This project consists of the below tasks. Please remember to split your code into logical units, e.g. by introducing functions for various (recurring) subtasks.

Download the files NFGAIL.csv, couplings.csv and 68_ubiquitin.csv.
The simplest Lorentz line is the function L(x) = 1 / (1 + x²) . Make a function Lorentz that given x returns L(x), where x can be either an integer, a float or a Numpy array. In the case of a Numpy array the function should be computed pointwise for each value. Plot the function for x ∈ [−10, 10] using matplotlib.pyplot (Hint: use numpy.linspace).
The function L has a maximum in (0, 1). We let (x₀, height) denote the coordinates of the maximum of a Lorentz line. We let the width of a Lorentz line be the width of the peak at height height / 2, sometimes denoted full width half height (FWHH). The function L has width 2.
Note that the area below L is π = ∫_{(−∞,+∞)} L(x) dx.
Generalize your function Lorentz to take (optional keyword) arguments for x₀, height and width. The resulting function should compute L_{x₀, height, width}(x) = height / (1 + (2 · (x − x₀) / width)²) . Plot three Lorentz lines for the parameters (x₀, height, width) being (-5, 5, 1), (2, 2, 6), and (5, 3, 0.5) for x ∈ [-10,10]. Plot also the sum of the three curves. Note that the area below a general Lorentz line is π · height · width / 2.

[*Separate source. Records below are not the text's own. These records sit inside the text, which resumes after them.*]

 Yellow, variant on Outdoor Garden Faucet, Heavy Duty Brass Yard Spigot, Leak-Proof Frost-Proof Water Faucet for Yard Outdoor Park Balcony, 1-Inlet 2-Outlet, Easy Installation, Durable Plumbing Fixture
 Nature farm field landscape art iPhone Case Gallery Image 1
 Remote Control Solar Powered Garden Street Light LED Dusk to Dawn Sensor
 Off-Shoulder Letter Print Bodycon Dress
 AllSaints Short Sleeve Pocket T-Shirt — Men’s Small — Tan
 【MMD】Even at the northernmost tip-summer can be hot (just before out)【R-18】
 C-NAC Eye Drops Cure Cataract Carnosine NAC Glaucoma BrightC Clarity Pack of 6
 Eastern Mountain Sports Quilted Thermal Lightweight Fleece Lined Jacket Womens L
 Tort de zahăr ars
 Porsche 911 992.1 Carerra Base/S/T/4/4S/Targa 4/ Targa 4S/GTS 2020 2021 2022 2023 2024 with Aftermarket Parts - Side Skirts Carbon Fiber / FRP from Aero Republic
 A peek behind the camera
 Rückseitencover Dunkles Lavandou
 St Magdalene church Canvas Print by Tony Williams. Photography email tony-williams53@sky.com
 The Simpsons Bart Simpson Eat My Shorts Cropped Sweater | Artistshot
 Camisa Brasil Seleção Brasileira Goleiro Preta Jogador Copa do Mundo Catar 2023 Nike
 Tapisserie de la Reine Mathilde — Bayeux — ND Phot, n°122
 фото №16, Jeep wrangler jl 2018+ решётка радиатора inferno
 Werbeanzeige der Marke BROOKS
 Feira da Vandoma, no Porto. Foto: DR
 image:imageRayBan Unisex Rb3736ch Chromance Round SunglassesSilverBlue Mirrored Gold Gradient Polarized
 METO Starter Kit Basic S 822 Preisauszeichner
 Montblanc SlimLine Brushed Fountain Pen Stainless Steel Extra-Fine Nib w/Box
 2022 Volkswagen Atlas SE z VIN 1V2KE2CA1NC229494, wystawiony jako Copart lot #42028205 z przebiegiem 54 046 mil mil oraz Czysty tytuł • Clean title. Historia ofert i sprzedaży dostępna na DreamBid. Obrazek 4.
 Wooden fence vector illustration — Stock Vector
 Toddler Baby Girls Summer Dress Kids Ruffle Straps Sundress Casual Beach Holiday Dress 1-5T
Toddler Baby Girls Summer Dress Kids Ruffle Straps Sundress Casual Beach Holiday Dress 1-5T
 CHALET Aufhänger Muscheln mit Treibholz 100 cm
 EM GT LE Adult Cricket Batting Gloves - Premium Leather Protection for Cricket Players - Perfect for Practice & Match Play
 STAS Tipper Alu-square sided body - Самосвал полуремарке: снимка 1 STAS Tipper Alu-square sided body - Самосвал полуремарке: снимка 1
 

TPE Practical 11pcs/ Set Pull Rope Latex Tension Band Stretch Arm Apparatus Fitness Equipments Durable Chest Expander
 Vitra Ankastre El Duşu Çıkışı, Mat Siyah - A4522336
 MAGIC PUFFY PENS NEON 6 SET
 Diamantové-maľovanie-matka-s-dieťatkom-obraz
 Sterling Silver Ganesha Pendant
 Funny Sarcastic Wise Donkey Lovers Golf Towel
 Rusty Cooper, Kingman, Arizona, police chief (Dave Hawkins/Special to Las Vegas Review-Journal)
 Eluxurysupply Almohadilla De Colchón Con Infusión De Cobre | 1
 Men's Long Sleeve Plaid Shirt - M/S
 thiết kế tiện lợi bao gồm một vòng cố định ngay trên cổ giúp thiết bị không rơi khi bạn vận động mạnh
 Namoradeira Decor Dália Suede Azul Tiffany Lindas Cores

Our basic assumption is that each atom in a molecule contributes approximately one Lorentz line to the spectra. We will not use the same Lorentz parameters for all atoms. The width will e.g. depend on the atom_id and possibly also on the amino acid the atom is part of. Make a function peak_width(amino, atom_id) that returns the width for an atom in a specic amino acide and having a specific atom_id. If atom_id is H the width is 6. If (amino, atom_id) is one of the following four pairs (ASN, HD21), (ASN, HD22), (GLN, HE21), (GLN, HE22) the width is 25. For all other atom_id's the width is 4.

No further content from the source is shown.